He relied on the
interposition of the Scots, the intercession of foreign powers, and the
attachment of many of his English subjects. He persuaded himself that his
very enemies would blush to shed the blood of their sovereign; and that
their revenge would be appeased, and their ambition sufficiently gratified,
by the substitution in his place of one of his younger children on the
throne.[1]
But these were the dreams of a man who sought to allay his fears by
voluntary delusions. The princes of Europe looked with cold indifference
on his fate. The king of Spain during the whole contest had maintained a
friendly correspondence with the parliament. Frederic III. king of Denmark,
though he was his
[Footnote 1: Herbert, 155, 157. Whitelock, 365. Sir John Temple attributed
his tranquillity "to a strange conceit of Ormond's working for him in
Ireland.
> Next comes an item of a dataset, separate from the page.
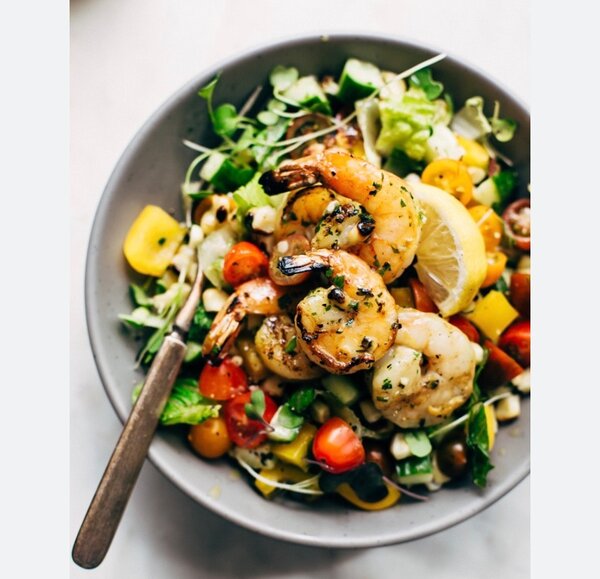 Shrimps salad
He still hangs upon that twigg; and by the enquireys he made after
his and Inchiquin's conjunction, I see he will not be beaten off it."--In
Leicester's Journal, 48.]
cousin-german, made no effort to save his life; and Henrietta could obtain
for him no interposition from France, where the infant king had been
driven from his capital by civil dissension, and she herself depended for
subsistence on the charity of the Cardinal de Retz, the leader of the
Fronde.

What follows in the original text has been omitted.